Epic: CLI usability improvements -- first class CLI experience
Use cases, pain points, and background
Most modern CLI tools use a tool subcommand pattern (docker run, git status, kubectl apply). Gym should have a single top-level command i.e. gym with grouped subcommands would be more intuitive and easier to discover.
The goal is to replace the ng_* / nemo_gym_* entry points with a single gym CLI. Top-level commands for common operations, with subcommand groups for related clusters (e.g. gym data * for all data operations, gym benchmark * for benchmark operations). Keep the ng_* aliases around as deprecated shims during a transition period, with a deprecation warning pointing users to the new command.
Why now: The user base and the catalog are both about to grow significantly. The current CLI surface scales poorly with either. Fixing the shell once, before adoption peaks, is far cheaper than retrofitting later — and unblocks every subsequent CLI feature (discoverability, status, info, etc.) from inheriting a unified surface for free.
Problems
- Inconsistent conventions. The current CLI has 40+ entry points across two naming conventions (
ng_* and nemo_gym_*), all using underscore-separated names, e.g., ng_collect_rollouts, ng_init_resources_server, ng_e2e_collect_rollouts, ng_upload_dataset_to_gitlab, etc.
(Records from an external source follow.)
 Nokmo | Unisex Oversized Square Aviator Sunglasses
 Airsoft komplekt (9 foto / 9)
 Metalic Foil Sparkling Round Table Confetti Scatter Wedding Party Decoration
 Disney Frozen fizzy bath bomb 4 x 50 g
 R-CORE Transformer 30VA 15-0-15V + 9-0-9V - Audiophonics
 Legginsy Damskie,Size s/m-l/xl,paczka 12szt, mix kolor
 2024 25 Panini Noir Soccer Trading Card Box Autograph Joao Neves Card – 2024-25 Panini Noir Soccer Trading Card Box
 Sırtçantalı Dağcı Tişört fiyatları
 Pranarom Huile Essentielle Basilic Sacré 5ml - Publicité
- Environment discoverability. A new user lands in Gym and asks: "What can I evaluate against, and what does each environment actually do?" Ref: #1433.
- Benchmark-centric, need to improve UX for agent-centric. The current evaluation flow starts from "pick a benchmark" which bundles the agent, environment, and data together in a single config. Agent developers think the other way: "I have an agent, I want to evaluate it against environments." We need to improve the UX of this path.
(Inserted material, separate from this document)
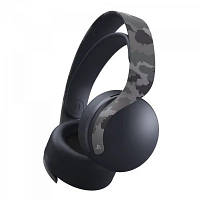 Наушники Playstation 5 Pulse 3D Wireless Headset Grey Camo 9406990 n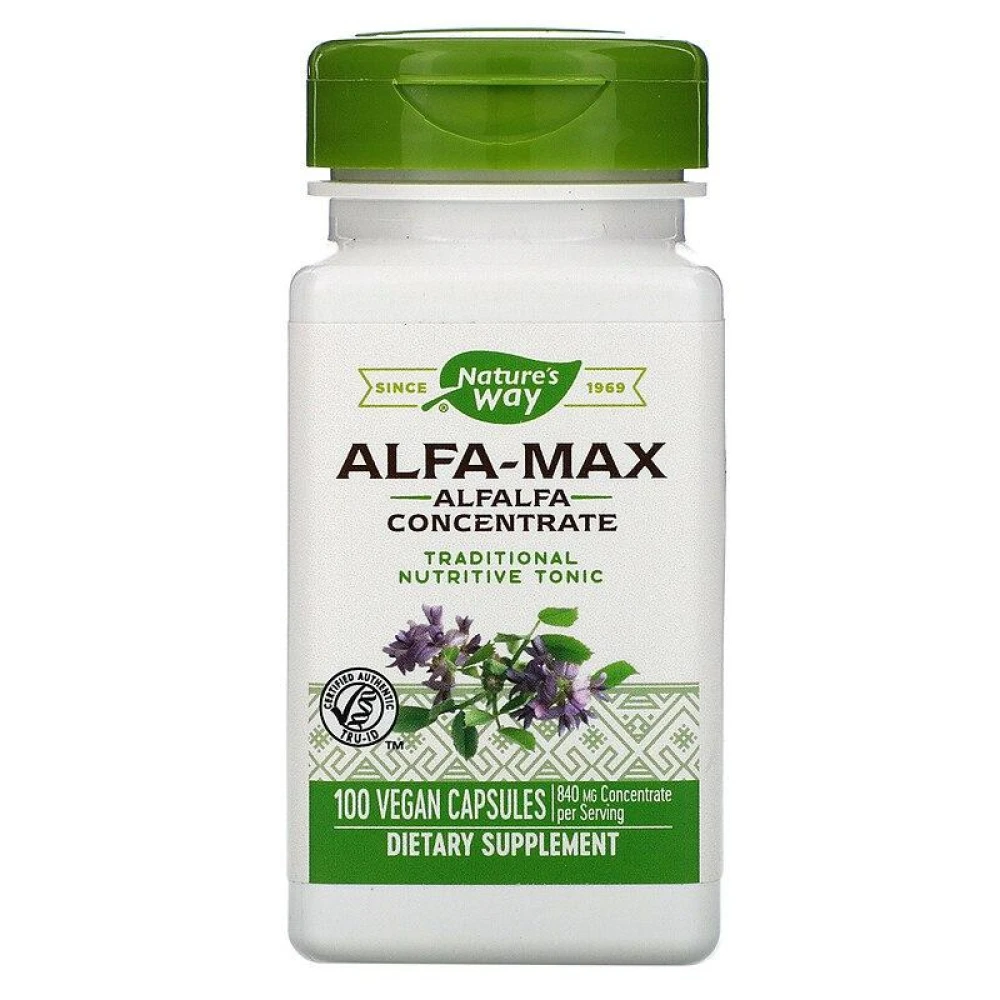 Nature's Way AlfaMax Alfalfa Concentrate 840 mg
- Agent swapping requires config duplication. Running SWE-bench with OpenHands vs SWE Agent vs Mini SWE Agent requires three nearly identical YAML configs that differ by one line (the agent). Every agent-environment combination needs its own config file rather than being composable at the CLI level. Ref: #1396.
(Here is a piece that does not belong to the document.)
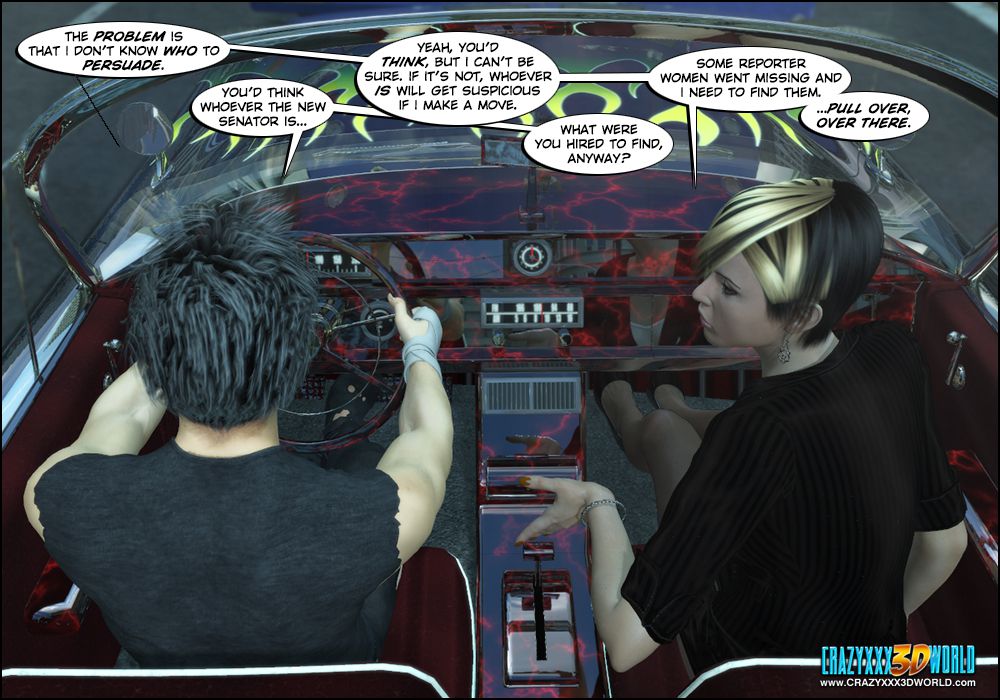 Vox Populi [Auditor Of Reality] Vox Populi - Episode 18 – page 6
- Config paths require familiarity with project structure. Users need to specify exact paths like
resources_servers/gpqa/configs/gpqa.yaml. This requires familiarity with the internal project structure — you need to know that model configs live in responses_api_models/ and benchmark configs in resources_servers/ or benchmarks/. Ref: #1205.
- CLI terminology is training-centric, not eval-centric. "Collect rollouts" and "reward profiling" are RL training terms — an agent developer who wants to evaluate their agent thinks in terms of "run evaluation" and "get metrics/scores." The current naming assumes the user's goal is to generate training data, not to assess agent performance. Similarly,
responses_create_params, verifier_metadata, and resources_server are abstractions that don't map to how an agent developer thinks about their workflow ("tasks," "scores," "environments"). The help text explains the current concepts well, but users searching for evaluation workflows may not discover the right commands.
- 3 commands to compose agentic eval.
ng_run → ng_collect_rollouts → ng_reward_profile exposes the microservice infrastructure (start servers, collect, score) rather than abstracting it into the user's goal: "evaluate my agent on this task set." Ideally the user could specify tasks, model, agent, and environment in a single command. Ref: #1188.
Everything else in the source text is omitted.